PROMPT: The task for the listing below is to write out exactly the lines starting at the one containing "Snapshot of _camila_ortiz" and ending at the one containing "Wikinger Wolf Kette", both included. Pictures are to be omitted.

MATERIAL PROVIDED Start Marker

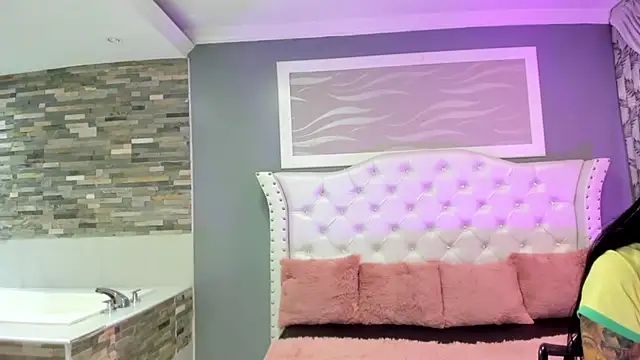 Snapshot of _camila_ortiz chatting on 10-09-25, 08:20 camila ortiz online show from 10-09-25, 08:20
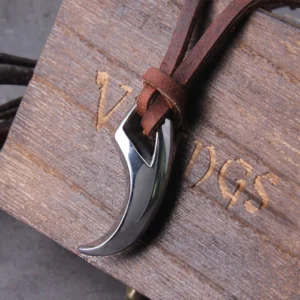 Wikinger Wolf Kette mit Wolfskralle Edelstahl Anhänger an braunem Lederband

MATERIAL PROVIDED End Marker
MATERIAL PROVIDED Start Marker

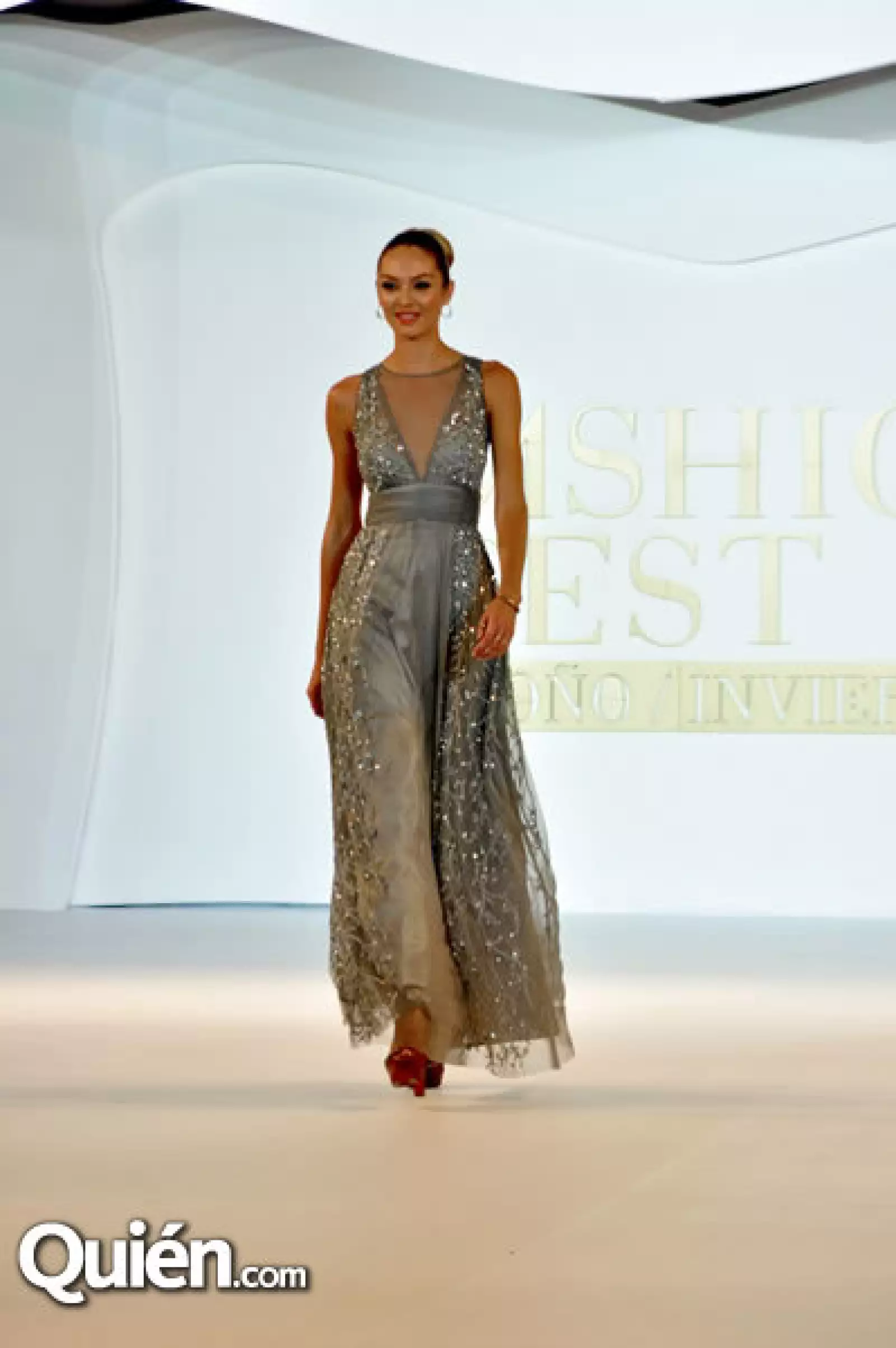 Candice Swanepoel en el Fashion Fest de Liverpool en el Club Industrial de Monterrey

MATERIAL PROVIDED End Marker

ANSWER TO THIS TASK:
 Snapshot of _camila_ortiz chatting on 10-09-25, 08:20 camila ortiz online show from 10-09-25, 08:20
 Wikinger Wolf Kette mit Wolfskralle Edelstahl Anhänger an braunem Lederband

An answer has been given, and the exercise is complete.